** Opening Extracted information block **
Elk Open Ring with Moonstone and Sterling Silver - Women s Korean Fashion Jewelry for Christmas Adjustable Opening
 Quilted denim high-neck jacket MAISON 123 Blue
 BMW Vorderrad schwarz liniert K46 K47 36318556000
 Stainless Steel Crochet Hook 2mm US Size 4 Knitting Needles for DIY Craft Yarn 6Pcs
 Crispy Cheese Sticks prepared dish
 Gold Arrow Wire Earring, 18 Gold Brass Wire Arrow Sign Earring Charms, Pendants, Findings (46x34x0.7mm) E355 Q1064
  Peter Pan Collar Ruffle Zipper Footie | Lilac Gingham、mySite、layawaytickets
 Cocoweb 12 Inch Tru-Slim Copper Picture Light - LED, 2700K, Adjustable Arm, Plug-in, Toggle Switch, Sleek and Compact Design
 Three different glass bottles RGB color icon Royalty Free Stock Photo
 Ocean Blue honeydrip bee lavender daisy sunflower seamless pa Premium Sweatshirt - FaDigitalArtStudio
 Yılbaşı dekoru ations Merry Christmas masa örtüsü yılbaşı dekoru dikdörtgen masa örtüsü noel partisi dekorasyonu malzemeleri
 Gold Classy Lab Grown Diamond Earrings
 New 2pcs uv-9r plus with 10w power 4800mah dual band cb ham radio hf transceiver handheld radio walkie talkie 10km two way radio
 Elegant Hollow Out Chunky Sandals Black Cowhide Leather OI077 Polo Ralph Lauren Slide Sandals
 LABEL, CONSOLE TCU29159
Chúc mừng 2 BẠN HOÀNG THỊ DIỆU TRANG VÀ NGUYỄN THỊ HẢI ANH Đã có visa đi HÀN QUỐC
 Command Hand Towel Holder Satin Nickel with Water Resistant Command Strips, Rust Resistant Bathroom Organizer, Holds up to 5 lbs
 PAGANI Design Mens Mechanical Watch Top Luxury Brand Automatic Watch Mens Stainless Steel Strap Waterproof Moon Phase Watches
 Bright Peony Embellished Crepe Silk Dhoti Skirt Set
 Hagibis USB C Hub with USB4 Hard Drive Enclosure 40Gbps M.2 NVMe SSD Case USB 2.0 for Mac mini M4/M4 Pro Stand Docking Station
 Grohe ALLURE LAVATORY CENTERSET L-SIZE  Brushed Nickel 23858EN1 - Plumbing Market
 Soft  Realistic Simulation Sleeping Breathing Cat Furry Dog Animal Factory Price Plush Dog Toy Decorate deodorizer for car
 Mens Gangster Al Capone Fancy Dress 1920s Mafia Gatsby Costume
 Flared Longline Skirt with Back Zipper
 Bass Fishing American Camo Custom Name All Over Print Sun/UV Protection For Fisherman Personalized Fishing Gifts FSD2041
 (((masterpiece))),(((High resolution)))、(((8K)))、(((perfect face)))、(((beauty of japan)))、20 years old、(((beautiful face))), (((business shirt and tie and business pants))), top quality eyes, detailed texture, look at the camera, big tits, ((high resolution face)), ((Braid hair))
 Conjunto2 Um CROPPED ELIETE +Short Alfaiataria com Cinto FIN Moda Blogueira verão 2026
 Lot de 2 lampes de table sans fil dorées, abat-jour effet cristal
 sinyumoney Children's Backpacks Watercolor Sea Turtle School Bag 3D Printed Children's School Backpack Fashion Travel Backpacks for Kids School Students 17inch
** Closing Extracted information block **
For the word "Design", return every line of the records that holds it.

 Cocoweb 12 Inch Tru-Slim Copper Picture Light - LED, 2700K, Adjustable Arm, Plug-in, Toggle Switch, Sleek and Compact Design
 PAGANI Design Mens Mechanical Watch Top Luxury Brand Automatic Watch Mens Stainless Steel Strap Waterproof Moon Phase Watches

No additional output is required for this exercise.